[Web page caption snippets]
————
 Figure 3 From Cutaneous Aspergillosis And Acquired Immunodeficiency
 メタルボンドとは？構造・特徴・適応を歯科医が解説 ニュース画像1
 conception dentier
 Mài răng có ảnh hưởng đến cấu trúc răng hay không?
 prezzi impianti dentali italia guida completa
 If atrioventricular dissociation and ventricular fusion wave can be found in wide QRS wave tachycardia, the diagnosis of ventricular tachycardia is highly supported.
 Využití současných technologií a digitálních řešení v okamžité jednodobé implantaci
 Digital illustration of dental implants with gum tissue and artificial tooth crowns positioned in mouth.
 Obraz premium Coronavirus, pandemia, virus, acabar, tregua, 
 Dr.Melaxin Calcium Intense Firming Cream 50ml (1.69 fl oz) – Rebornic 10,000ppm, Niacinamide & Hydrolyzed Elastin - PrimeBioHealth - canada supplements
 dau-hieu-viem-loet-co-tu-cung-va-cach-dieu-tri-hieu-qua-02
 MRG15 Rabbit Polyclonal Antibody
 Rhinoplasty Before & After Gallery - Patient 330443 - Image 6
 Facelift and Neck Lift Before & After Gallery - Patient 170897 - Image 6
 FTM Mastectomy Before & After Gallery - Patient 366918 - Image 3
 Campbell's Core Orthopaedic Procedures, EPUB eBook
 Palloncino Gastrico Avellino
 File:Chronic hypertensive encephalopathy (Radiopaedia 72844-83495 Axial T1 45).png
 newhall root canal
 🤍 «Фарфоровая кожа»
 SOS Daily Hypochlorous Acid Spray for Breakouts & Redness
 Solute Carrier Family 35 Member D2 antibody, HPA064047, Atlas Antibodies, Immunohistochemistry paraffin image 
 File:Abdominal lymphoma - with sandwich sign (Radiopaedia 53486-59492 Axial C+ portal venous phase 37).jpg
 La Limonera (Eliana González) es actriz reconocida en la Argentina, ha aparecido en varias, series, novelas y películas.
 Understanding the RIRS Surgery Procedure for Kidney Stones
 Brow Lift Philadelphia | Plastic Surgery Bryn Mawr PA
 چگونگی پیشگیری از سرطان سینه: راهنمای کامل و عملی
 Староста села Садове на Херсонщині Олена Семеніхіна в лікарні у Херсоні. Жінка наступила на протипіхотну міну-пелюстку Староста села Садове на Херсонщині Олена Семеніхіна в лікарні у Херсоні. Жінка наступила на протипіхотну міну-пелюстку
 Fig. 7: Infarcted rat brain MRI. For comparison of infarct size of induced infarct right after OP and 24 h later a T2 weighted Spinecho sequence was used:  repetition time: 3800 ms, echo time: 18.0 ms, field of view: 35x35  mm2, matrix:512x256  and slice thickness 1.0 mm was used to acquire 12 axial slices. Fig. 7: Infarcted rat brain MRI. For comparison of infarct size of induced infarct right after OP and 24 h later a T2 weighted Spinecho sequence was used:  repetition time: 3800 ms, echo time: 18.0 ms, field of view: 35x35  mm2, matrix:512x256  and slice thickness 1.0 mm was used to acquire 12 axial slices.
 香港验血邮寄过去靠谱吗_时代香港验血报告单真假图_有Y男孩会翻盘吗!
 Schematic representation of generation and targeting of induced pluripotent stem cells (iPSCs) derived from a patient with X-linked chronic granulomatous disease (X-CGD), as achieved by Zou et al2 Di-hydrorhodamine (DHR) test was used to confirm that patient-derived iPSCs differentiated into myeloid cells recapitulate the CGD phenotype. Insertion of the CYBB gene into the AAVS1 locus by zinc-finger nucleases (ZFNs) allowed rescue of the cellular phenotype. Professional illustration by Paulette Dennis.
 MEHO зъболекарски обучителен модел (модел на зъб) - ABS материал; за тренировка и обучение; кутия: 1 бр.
————
**ABOUT THIS TASK:**
The lines above, starting at the one with "Facelift and Neck" and ending at the one with "香港验血邮寄过去靠谱吗_时代香港验血报告单真假图_有Y男孩会翻盘吗!", are the only ones to return, exactly as written.

**ANSWER BOX:**
 Facelift and Neck Lift Before & After Gallery - Patient 170897 - Image 6
 FTM Mastectomy Before & After Gallery - Patient 366918 - Image 3
 Campbell's Core Orthopaedic Procedures, EPUB eBook
 Palloncino Gastrico Avellino
 File:Chronic hypertensive encephalopathy (Radiopaedia 72844-83495 Axial T1 45).png
 newhall root canal
 🤍 «Фарфоровая кожа»
 SOS Daily Hypochlorous Acid Spray for Breakouts & Redness
 Solute Carrier Family 35 Member D2 antibody, HPA064047, Atlas Antibodies, Immunohistochemistry paraffin image 
 File:Abdominal lymphoma - with sandwich sign (Radiopaedia 53486-59492 Axial C+ portal venous phase 37).jpg
 La Limonera (Eliana González) es actriz reconocida en la Argentina, ha aparecido en varias, series, novelas y películas.
 Understanding the RIRS Surgery Procedure for Kidney Stones
 Brow Lift Philadelphia | Plastic Surgery Bryn Mawr PA
 چگونگی پیشگیری از سرطان سینه: راهنمای کامل و عملی
 Староста села Садове на Херсонщині Олена Семеніхіна в лікарні у Херсоні. Жінка наступила на протипіхотну міну-пелюстку Староста села Садове на Херсонщині Олена Семеніхіна в лікарні у Херсоні. Жінка наступила на протипіхотну міну-пелюстку
 Fig. 7: Infarcted rat brain MRI. For comparison of infarct size of induced infarct right after OP and 24 h later a T2 weighted Spinecho sequence was used:  repetition time: 3800 ms, echo time: 18.0 ms, field of view: 35x35  mm2, matrix:512x256  and slice thickness 1.0 mm was used to acquire 12 axial slices. Fig. 7: Infarcted rat brain MRI. For comparison of infarct size of induced infarct right after OP and 24 h later a T2 weighted Spinecho sequence was used:  repetition time: 3800 ms, echo time: 18.0 ms, field of view: 35x35  mm2, matrix:512x256  and slice thickness 1.0 mm was used to acquire 12 axial slices.
 香港验血邮寄过去靠谱吗_时代香港验血报告单真假图_有Y男孩会翻盘吗!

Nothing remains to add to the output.